◆ **Exercise instructions**
With the images removed, write out every line below exactly.

◆ **Information provided**

_____

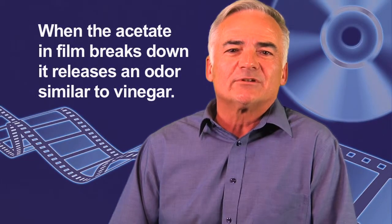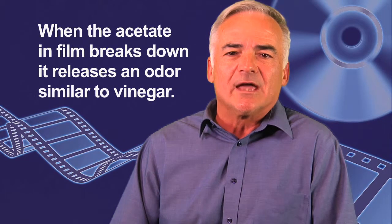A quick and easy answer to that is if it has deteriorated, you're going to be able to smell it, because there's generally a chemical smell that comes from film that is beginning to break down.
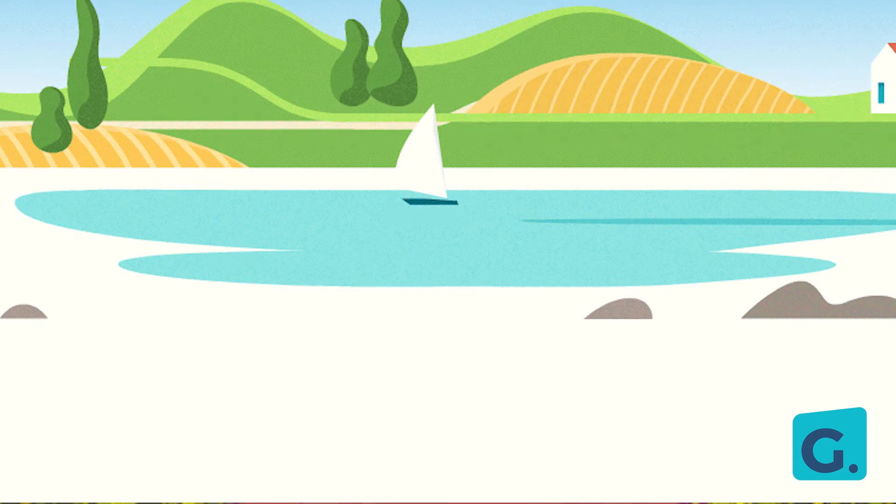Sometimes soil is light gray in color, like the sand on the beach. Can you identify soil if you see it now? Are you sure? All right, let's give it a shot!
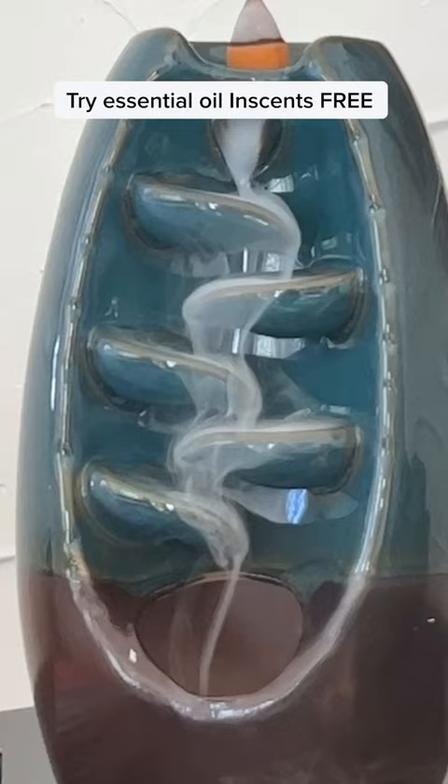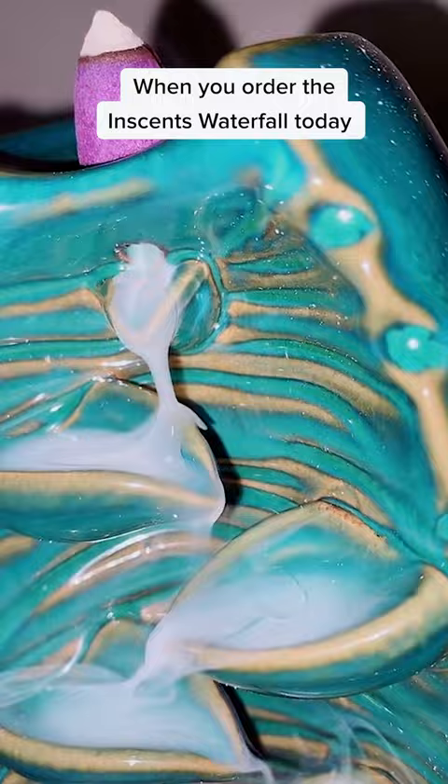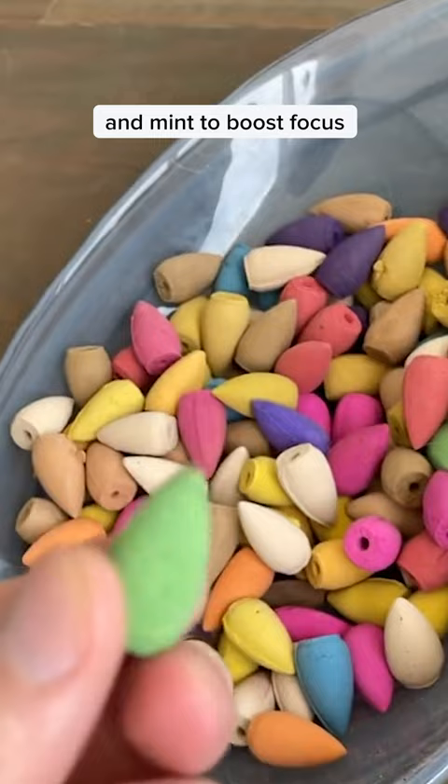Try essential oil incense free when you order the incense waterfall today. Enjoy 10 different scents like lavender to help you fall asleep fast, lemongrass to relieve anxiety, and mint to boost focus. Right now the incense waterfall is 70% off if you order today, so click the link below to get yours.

_____

◆ **Written answer**
A quick and easy answer to that is if it has deteriorated, you're going to be able to smell it, because there's generally a chemical smell that comes from film that is beginning to break down.
Sometimes soil is light gray in color, like the sand on the beach. Can you identify soil if you see it now? Are you sure? All right, let's give it a shot!
Try essential oil incense free when you order the incense waterfall today. Enjoy 10 different scents like lavender to help you fall asleep fast, lemongrass to relieve anxiety, and mint to boost focus. Right now the incense waterfall is 70% off if you order today, so click the link below to get yours.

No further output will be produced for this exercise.